— EXERCISE AIM —
Apart from the images, repeat the data below exactly as written.

— DATA EXTRACT —
• • • •

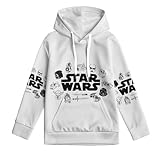 スターウォーズ 子供 パーカー スウェット 青少年 トレーナー 長袖 Tシャツ キッズ ボーイズ 男の子 女の子 ユース 記念 ルームウエア 部屋着 110cm-150cm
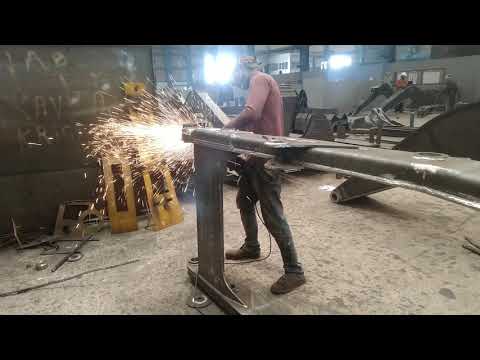 Apex Automotive Technology Inc Photos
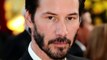 Keanu Reeves 2020 Lifestyle ★ Net Worth, Girlfriend, Income and House Tour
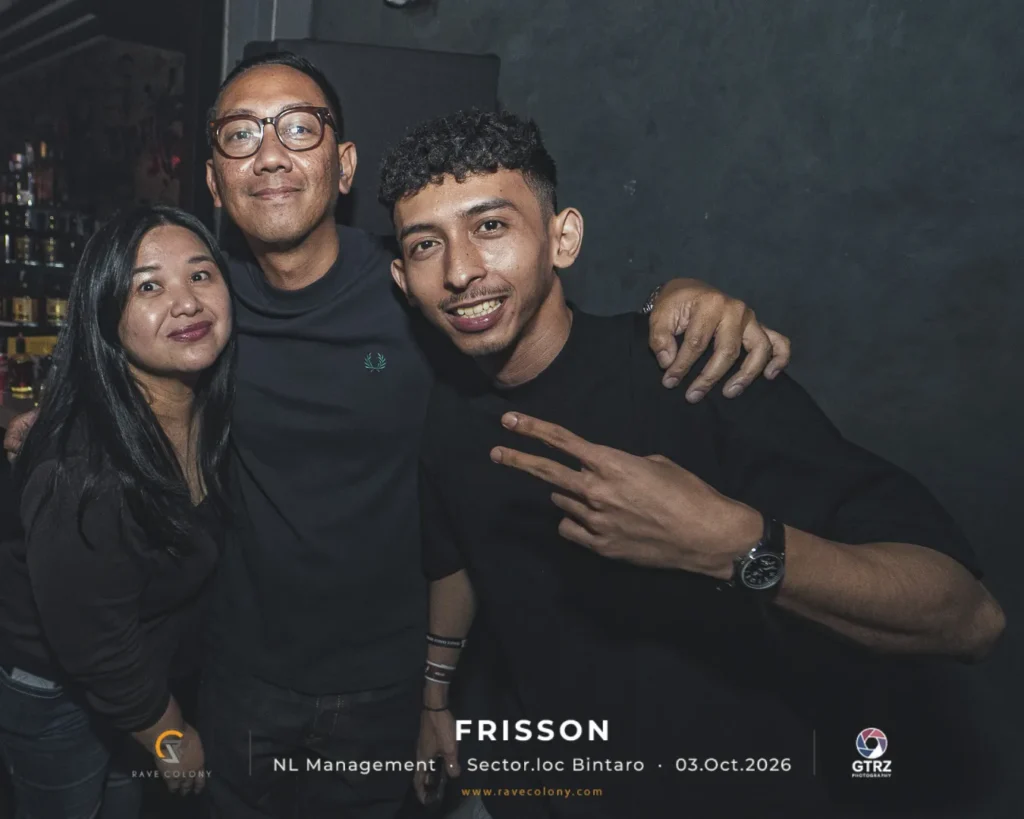 RVC-Frisson-SectorBintaro-03Oct2026 (21 of 48)_Convert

• • • •

— OUTPUT FOR THIS TASK —
 スターウォーズ 子供 パーカー スウェット 青少年 トレーナー 長袖 Tシャツ キッズ ボーイズ 男の子 女の子 ユース 記念 ルームウエア 部屋着 110cm-150cm
 Apex Automotive Technology Inc Photos
 Keanu Reeves 2020 Lifestyle ★ Net Worth, Girlfriend, Income and House Tour
 RVC-Frisson-SectorBintaro-03Oct2026 (21 of 48)_Convert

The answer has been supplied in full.